For example, because rainfall is scarce and access to water is very limited due to the occupation, one of PFTA’s top projects is looking at limestone as a way to keep water in the soil. Farm research has also shown that planting legumes may add a nutrient to the soil that helps combat a common fungus found in the region.

Empowering Palestinian Women
Another issue that was really important to Abufarha was to make sure that women were represented in the PFTA. All of the representatives in the farming co-ops were men, so in 2006, Abufarha started creating women’s co-ops and this year began working with the NGO World Vision to expand this effort. The women’s co-ops focus on producing items that are traditionally produced by women, such as sun-dried tomatoes, hand-rolled “maftoul” (Palestinian couscous) and spice mixes.

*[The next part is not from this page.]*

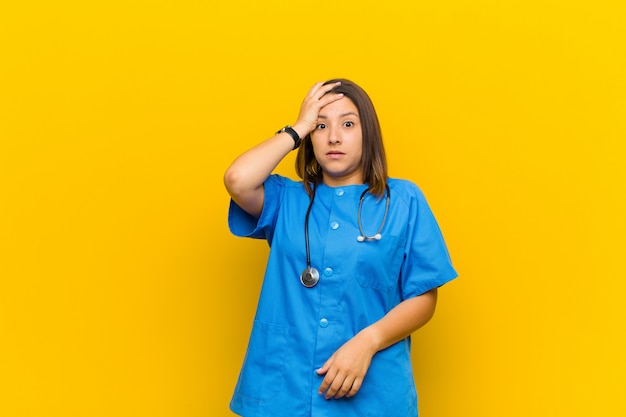 Photo panicking over a forgotten deadline, feeling stressed, having to cover up a mess or mistake isolated against yellow wall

“One of the roles of the PFTA is community building and it is not healthy to do this without integrating women,” Abufarha says.

This year, the women’s co-op’s sun-dried organic maftoul made its way onto the shelves of all 260 Williams-Sonoma locations, where their story is likely to get great exposure.

Partnering for Continued Growth
As Canaan Fair Trade has grown, and continues to do so, a key factor will be reaching new markets with their brand, as well as continuing to build partnerships with businesses such as Dr. Bronner’s. There is talk about the organic personal care company expanding more into food by doing a private label olive oil line (they have just launched a food-grade coconut oil).

While sales are important of course, for Abufarha, success is measured most through the change in paradigm in Palestine farming communities.

“For the farmers, the biggest change we made in their lives is that they started seeing farming as a viable way of earning a living again. Farming is a skill they know well; it is deep in their heritage,” says Abufarha. “Making farming viable again is good for the whole community, it creates hope and this is what makes it meaningful to me.”